**TASK INSTRUCTIONS:**
Every line in the data below that has the word "rent" should be returned.

Items from a dataset:
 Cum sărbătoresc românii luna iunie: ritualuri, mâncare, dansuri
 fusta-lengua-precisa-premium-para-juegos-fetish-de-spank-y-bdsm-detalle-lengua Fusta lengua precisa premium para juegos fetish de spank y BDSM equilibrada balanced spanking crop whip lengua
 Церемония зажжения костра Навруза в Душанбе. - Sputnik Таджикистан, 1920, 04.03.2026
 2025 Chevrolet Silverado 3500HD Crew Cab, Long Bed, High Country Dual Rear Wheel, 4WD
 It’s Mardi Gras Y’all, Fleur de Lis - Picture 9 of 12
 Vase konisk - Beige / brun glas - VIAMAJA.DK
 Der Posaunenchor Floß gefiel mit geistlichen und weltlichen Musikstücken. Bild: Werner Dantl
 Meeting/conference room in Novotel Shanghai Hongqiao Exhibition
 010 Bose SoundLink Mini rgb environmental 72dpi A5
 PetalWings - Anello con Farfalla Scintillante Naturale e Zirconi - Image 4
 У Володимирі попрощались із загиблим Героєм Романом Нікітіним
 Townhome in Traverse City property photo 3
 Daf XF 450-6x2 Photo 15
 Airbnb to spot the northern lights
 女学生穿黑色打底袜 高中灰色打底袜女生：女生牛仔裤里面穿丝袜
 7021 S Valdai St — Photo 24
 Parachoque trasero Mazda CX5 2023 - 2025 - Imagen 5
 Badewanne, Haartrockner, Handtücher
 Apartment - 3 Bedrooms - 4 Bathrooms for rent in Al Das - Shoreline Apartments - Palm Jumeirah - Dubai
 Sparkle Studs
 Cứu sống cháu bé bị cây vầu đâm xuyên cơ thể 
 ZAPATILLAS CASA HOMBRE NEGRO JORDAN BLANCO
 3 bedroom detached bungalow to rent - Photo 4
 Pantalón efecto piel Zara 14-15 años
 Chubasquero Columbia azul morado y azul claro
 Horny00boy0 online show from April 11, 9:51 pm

**SOLUTION FOR THIS EXERCISE:**
 Apartment - 3 Bedrooms - 4 Bathrooms for rent in Al Das - Shoreline Apartments - Palm Jumeirah - Dubai
 3 bedroom detached bungalow to rent - Photo 4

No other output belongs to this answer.